The issue begins with Buffy's roommates voting to let her stay in the apartment only to find she has already left and moved in with Spike in his steampunk bug spaceship, a development sure to make Buffy/Spike fans nearly faint with excitement (I say that as one myself). In-depth emotional conversations between the two friends and former lovers will both curl fans' toes and continue the political controversy of the last issue as they discuss her impending abortion.

However, the real craziness in this issue comes after a fight with a huge nest of zompires when Buffy has her arm torn off, which is not even the most shocking development. I'm incredibly serious. As a devoted fan of these characters almost since their inception, had I been asked to make a list of things that might happen in this issue, I never in million years would have come up with what the last few pages reveal. This plot point, regardless of how the creative team plans to explain it in the future or what plot twists will ensue, is painfully clear for now.

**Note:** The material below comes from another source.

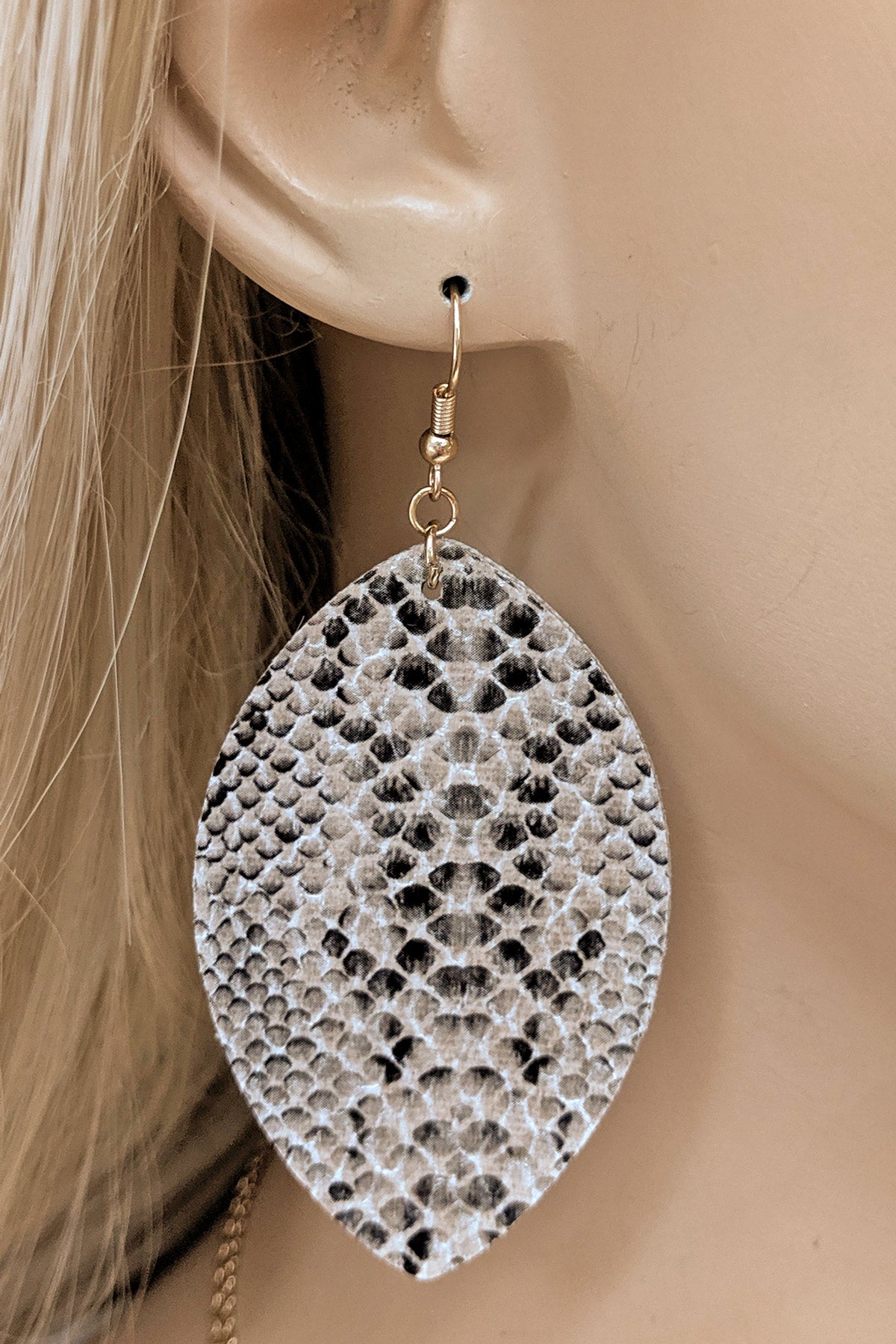 Light Animal Print Faux Leather Leaf Earrings
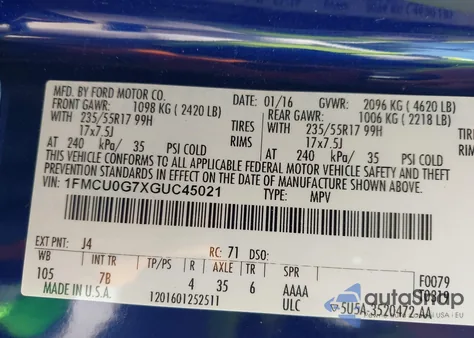 2016 Ford Escape Se из США, поврежденный, VIN 1FMCU0G7XGUC45021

The Buffy universe constantly surprises me. When Buffy died (all three times), when Angel lost his soul, when Spike gained his, when Buffy and Spike finally became lovers and then eventually friends, when Buffy's mother died, when Buffy turned out to have a sister and when Giles was killed -- these were all shocking moments in Buffy lore, but they were quite simply nothing compared to this. As a fan and reviewer, I honestly don't know what to do with this information.

The issue itself is wonderful. Chambliss has an effortless handle on these characters' voices and Jeanty's art is so quintessentially "Buffy" at this point that when I see his art, I instantly think of Buffy. This issue is filled with so much good, it's nearly impossible to fault it -- conversations between characters many fans have waited years to see that remain absolutely true to the characters and their individual evolutions, a solid battle sequence and some funny stuff to take the edge off rounds out the issue. However, the important thing is that ending. That ending will leave you reeling.

If it were not for my absolute faith in Joss Whedon, this development might worry me. How will it resolve? Is there a plan? What does it all mean? But I do have great faith in Joss Whedon, as last issue reminded me when he delivered a controversial story I could both respect and felt absolutely true to these characters he's created. So I will sit back and wait very impatiently at whatever he has in store for these characters. Chambliss and Jeanty have proven themselves more than worthy of rolling this story out with all the respect, beauty and consistency it deserves. I am unprepared, but incredibly intrigued.